--- START ---

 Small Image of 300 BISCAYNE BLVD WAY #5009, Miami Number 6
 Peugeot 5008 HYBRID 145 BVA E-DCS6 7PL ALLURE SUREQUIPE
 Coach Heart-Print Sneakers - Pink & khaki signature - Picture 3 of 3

--- END ---

▶ Assignment
An exact restatement of the data above is required.

▶ Result
 Small Image of 300 BISCAYNE BLVD WAY #5009, Miami Number 6
 Peugeot 5008 HYBRID 145 BVA E-DCS6 7PL ALLURE SUREQUIPE
 Coach Heart-Print Sneakers - Pink & khaki signature - Picture 3 of 3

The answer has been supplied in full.